_Task description:_ Repeat the listing below in full, keeping each word as given.

_Available records:_

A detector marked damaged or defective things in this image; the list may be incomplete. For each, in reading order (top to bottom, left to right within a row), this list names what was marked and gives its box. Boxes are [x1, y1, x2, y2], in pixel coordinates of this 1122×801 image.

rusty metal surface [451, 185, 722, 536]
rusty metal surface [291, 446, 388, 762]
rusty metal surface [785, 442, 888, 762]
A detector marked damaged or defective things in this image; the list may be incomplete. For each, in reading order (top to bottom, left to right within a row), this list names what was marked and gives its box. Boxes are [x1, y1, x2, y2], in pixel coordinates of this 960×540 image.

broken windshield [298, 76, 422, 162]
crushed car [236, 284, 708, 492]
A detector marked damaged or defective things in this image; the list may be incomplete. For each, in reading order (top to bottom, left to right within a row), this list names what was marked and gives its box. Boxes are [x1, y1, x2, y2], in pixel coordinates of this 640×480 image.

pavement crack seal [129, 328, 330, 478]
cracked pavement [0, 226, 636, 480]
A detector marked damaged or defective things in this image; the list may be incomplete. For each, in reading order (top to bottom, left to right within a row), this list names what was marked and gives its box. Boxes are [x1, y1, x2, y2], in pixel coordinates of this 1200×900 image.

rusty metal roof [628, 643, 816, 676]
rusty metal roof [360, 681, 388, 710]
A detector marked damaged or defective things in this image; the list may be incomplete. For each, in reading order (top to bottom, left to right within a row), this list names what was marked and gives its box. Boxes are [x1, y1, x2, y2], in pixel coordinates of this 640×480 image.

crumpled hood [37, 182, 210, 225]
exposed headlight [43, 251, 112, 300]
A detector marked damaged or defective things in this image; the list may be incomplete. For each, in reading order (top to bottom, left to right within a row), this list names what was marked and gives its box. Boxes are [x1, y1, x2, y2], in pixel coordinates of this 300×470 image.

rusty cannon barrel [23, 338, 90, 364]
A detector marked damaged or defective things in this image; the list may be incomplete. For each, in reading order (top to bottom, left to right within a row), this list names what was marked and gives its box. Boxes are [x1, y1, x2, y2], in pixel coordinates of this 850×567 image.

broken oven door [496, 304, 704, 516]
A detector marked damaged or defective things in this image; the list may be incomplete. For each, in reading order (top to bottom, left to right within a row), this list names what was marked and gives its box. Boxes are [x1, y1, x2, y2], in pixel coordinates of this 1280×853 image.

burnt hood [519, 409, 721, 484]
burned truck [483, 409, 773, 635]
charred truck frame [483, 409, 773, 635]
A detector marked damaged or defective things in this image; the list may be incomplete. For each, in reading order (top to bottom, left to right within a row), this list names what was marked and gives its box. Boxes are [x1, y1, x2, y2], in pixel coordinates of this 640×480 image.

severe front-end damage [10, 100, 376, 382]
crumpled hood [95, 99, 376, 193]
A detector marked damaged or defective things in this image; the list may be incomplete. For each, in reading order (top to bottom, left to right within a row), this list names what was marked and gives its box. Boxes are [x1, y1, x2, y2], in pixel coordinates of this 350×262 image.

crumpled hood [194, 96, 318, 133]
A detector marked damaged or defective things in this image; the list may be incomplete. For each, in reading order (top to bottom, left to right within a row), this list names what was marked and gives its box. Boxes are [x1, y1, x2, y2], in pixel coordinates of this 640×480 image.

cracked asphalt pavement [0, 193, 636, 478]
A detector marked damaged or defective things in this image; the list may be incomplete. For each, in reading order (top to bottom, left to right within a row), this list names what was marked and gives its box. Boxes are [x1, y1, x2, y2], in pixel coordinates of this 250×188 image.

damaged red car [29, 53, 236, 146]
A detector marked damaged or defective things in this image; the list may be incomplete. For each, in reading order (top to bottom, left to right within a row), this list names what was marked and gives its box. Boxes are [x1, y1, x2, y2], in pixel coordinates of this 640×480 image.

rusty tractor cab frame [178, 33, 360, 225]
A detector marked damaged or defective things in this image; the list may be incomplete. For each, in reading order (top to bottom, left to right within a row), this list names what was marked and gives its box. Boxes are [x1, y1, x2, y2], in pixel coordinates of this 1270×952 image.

_The answer:_
A detector marked damaged or defective things in this image; the list may be incomplete. For each, in reading order (top to bottom, left to right within a row), this list names what was marked and gives its box. Boxes are [x1, y1, x2, y2], in pixel coordinates of this 1122×801 image.

rusty metal surface [451, 185, 722, 536]
rusty metal surface [291, 446, 388, 762]
rusty metal surface [785, 442, 888, 762]
A detector marked damaged or defective things in this image; the list may be incomplete. For each, in reading order (top to bottom, left to right within a row), this list names what was marked and gives its box. Boxes are [x1, y1, x2, y2], in pixel coordinates of this 960×540 image.

broken windshield [298, 76, 422, 162]
crushed car [236, 284, 708, 492]
A detector marked damaged or defective things in this image; the list may be incomplete. For each, in reading order (top to bottom, left to right within a row), this list names what was marked and gives its box. Boxes are [x1, y1, x2, y2], in pixel coordinates of this 640×480 image.

pavement crack seal [129, 328, 330, 478]
cracked pavement [0, 226, 636, 480]
A detector marked damaged or defective things in this image; the list may be incomplete. For each, in reading order (top to bottom, left to right within a row), this list names what was marked and gives its box. Boxes are [x1, y1, x2, y2], in pixel coordinates of this 1200×900 image.

rusty metal roof [628, 643, 816, 676]
rusty metal roof [360, 681, 388, 710]
A detector marked damaged or defective things in this image; the list may be incomplete. For each, in reading order (top to bottom, left to right within a row), this list names what was marked and gives its box. Boxes are [x1, y1, x2, y2], in pixel coordinates of this 640×480 image.

crumpled hood [37, 182, 210, 225]
exposed headlight [43, 251, 112, 300]
A detector marked damaged or defective things in this image; the list may be incomplete. For each, in reading order (top to bottom, left to right within a row), this list names what was marked and gives its box. Boxes are [x1, y1, x2, y2], in pixel coordinates of this 300×470 image.

rusty cannon barrel [23, 338, 90, 364]
A detector marked damaged or defective things in this image; the list may be incomplete. For each, in reading order (top to bottom, left to right within a row), this list names what was marked and gives its box. Boxes are [x1, y1, x2, y2], in pixel coordinates of this 850×567 image.

broken oven door [496, 304, 704, 516]
A detector marked damaged or defective things in this image; the list may be incomplete. For each, in reading order (top to bottom, left to right within a row), this list names what was marked and gives its box. Boxes are [x1, y1, x2, y2], in pixel coordinates of this 1280×853 image.

burnt hood [519, 409, 721, 484]
burned truck [483, 409, 773, 635]
charred truck frame [483, 409, 773, 635]
A detector marked damaged or defective things in this image; the list may be incomplete. For each, in reading order (top to bottom, left to right within a row), this list names what was marked and gives its box. Boxes are [x1, y1, x2, y2], in pixel coordinates of this 640×480 image.

severe front-end damage [10, 100, 376, 382]
crumpled hood [95, 99, 376, 193]
A detector marked damaged or defective things in this image; the list may be incomplete. For each, in reading order (top to bottom, left to right within a row), this list names what was marked and gives its box. Boxes are [x1, y1, x2, y2], in pixel coordinates of this 350×262 image.

crumpled hood [194, 96, 318, 133]
A detector marked damaged or defective things in this image; the list may be incomplete. For each, in reading order (top to bottom, left to right within a row), this list names what was marked and gives its box. Boxes are [x1, y1, x2, y2], in pixel coordinates of this 640×480 image.

cracked asphalt pavement [0, 193, 636, 478]
A detector marked damaged or defective things in this image; the list may be incomplete. For each, in reading order (top to bottom, left to right within a row), this list names what was marked and gives its box. Boxes are [x1, y1, x2, y2], in pixel coordinates of this 250×188 image.

damaged red car [29, 53, 236, 146]
A detector marked damaged or defective things in this image; the list may be incomplete. For each, in reading order (top to bottom, left to right within a row), this list names what was marked and gives its box. Boxes are [x1, y1, x2, y2], in pixel coordinates of this 640×480 image.

rusty tractor cab frame [178, 33, 360, 225]
A detector marked damaged or defective things in this image; the list may be incomplete. For each, in reading order (top to bottom, left to right within a row), this list names what was marked and gives its box. Boxes are [x1, y1, x2, y2], in pixel coordinates of this 1270×952 image.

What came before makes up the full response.